The majority of scientists performing expression studies use the mRNA-Seq protocol (random-primed cDNA synthesis after fragmentation of PolyA-purified transcripts) and sequence the fragments with Illumina technology. By planning the experiment the question of the sequencing depth immediately arises. And for all of you being interested in an answer I want to share with you the recommendations on sequencing depth from experts in the field of transcriptome sequencing published in genomeweb.

You can see that the recommendations vary between 10 million single end reads and up to hundreds of millions reads depending on the exact need. And it is really tough for the experts to give a concrete number. Please keep in mind that about 80-85% of the transcripts in a typical transcriptome are representing only a few highly expressed transcripts whereas the majority of transcripts is present in a few copies only. For just straight gene expression analysis the interviewed scientists usually use around 20 – 30 million reads per sample. But when your aim is to look at really low expressed genes, like some transcription factors, you definitely have to apply a higher sequencing depth. And the very same is true when transcript isoforms or fusion genes shall be analyzed. For this applications the required sequencing depth can be as much as a full channel per sample.

So, enjoy reading their comments!

16S Amplicon Experiments: Which Platform to Choose?

Since 2010 several studies have been published that analyze microbial community composition by amplicon sequencing on the Illumina Genome Analyzer (GA). However, direct adaption of these protocols for sequencing on the HiSeq 2000 – the currently predominant Illumina sequencer – is not possible as both systems use different basecalling pipelines. Therefore amplicon sequencing on Illumina HiSeq 2000 is still left to the very experienced users and only a few publications can be studied on this.

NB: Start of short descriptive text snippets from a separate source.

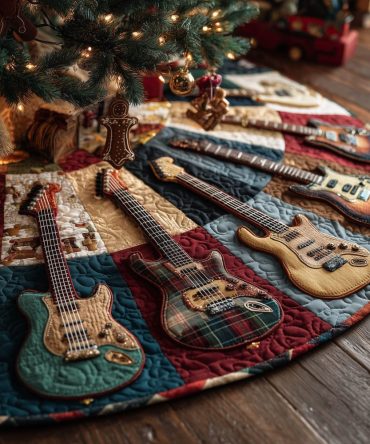 Custom Quilted Guitar Patchwork Christmas Tree Skirt In Red & Teal — Handmade Holiday Accent, Custom Sizes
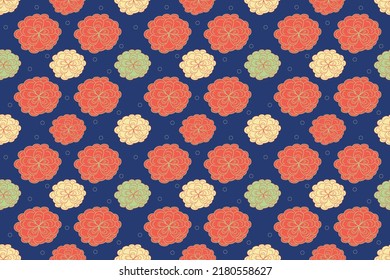 Seamless vintage style pattern with simple decorative flowers with leaves. Retro endless silhouette rose design. Great for fabric, textile. Vector illustration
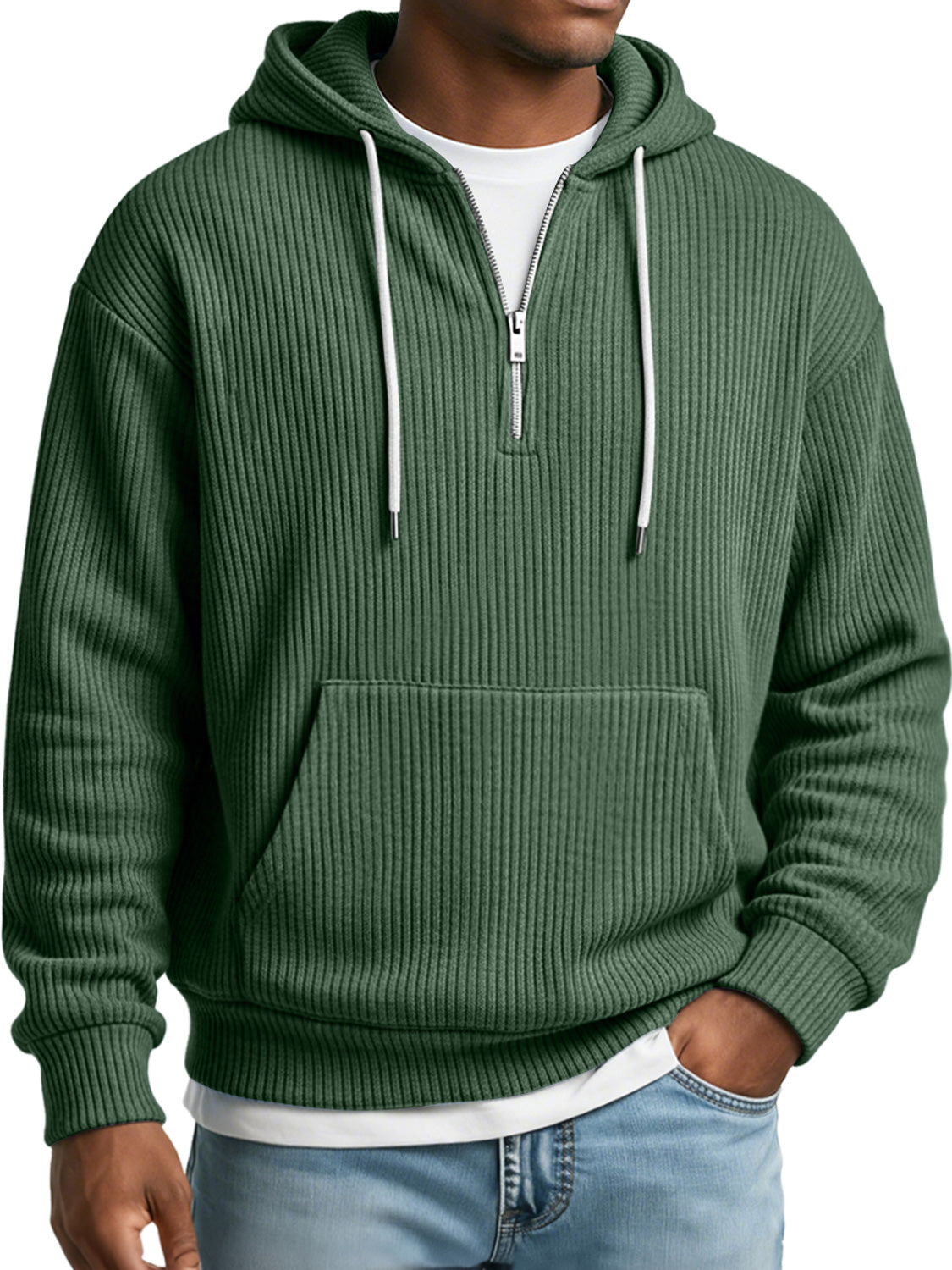 Men's Simple Ribbed Textured Hooded Zippered Casual Loose Sweatshirt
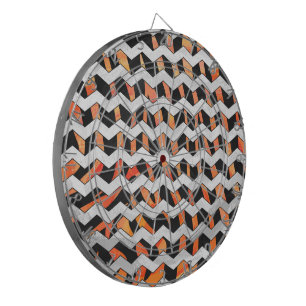 Zebra, zwart en Oranje afdrukken Dartbord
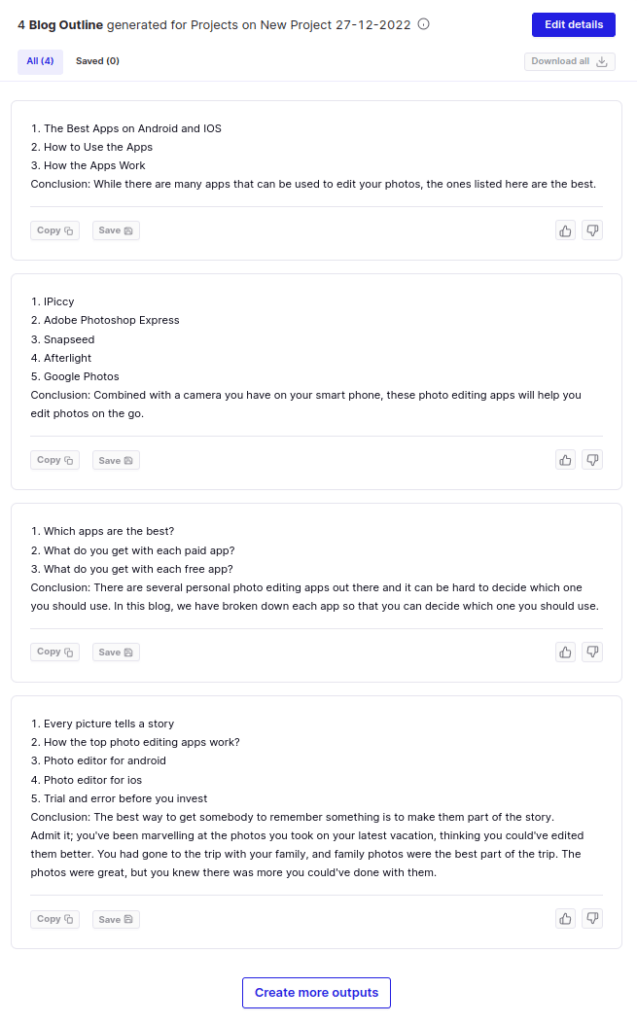 Peppertype blog outline writer output example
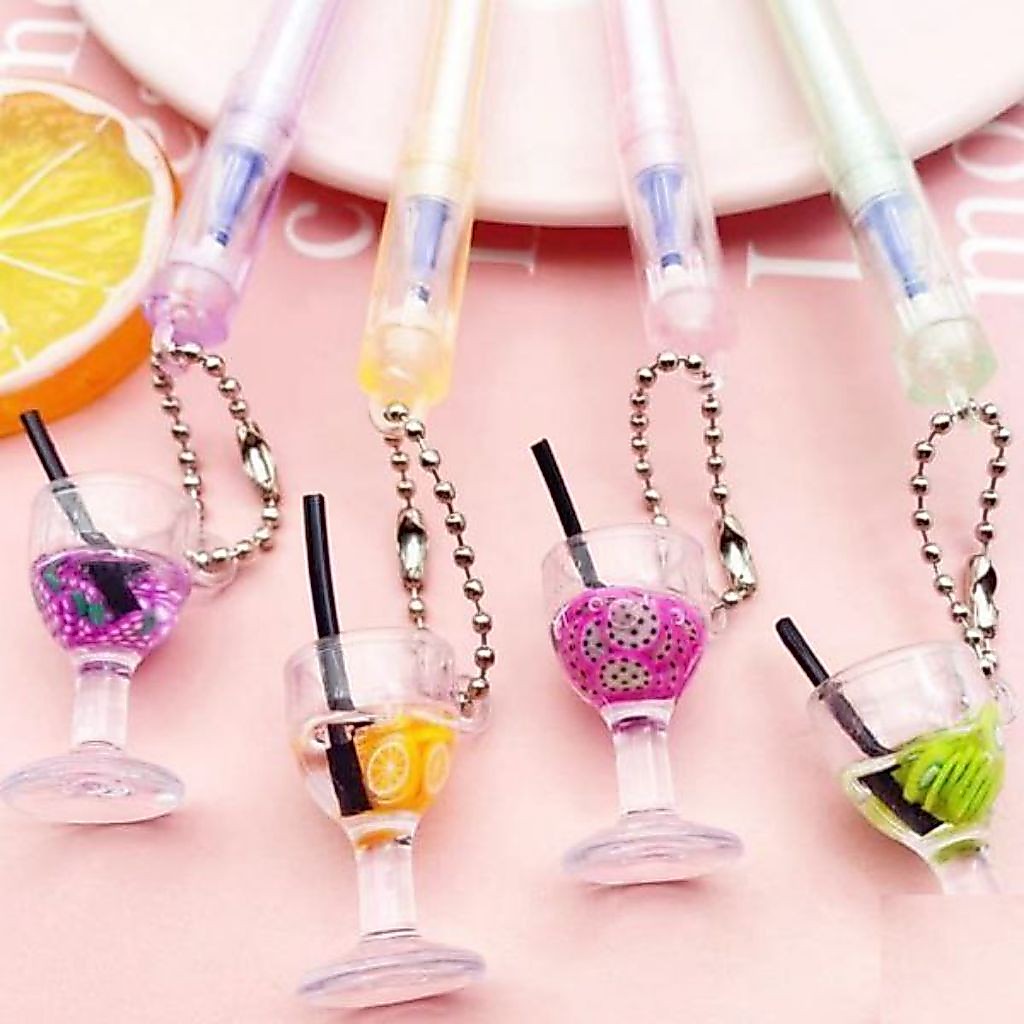 Pulpen Lucu Aesthetic Pulpen Bentuk Gelas Juice Fancy Pen Gantungan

In the meanwhile Illumina has introduced the MiSeq as the optimal platform for this kind of projects. In this context they have published an application note presenting sequencing of the V4 region of 16S rRNA genes on the MiSeq system.

And I totally agree that the MiSeq is a very good tool for these studies. For me, the most important advantages of the MiSeq layout in comparison to the sequencing on Illumina HiSeq 2000 are as follows:

  • Shorter turnaround time: The sequencing run itself takes a bit more than one full day, while a HiSeq 2000 run takes up to 12 days.
  • More informational content: By overlapping two paired end reads of 150 bp, full-length reads of about 250 bp can be generated
  • Potential for even longer reads: Illumina has announced read length of 250 bp for the end of the year. Then reads of up to 450 bp should be possible.

Nevertheless Roche GS FLX+ sequencing is still able to generate much longer reads with an average of up to 500-600 bp. And the long read length will provide a deeper insight into the microbiome of interest or more precisely higher classification efficiency down to species level. However Roche sequencing goes along with higher costs per base, so it will always be a decision based on the individual experiment, whether read length or sequencing depth is the most important factor.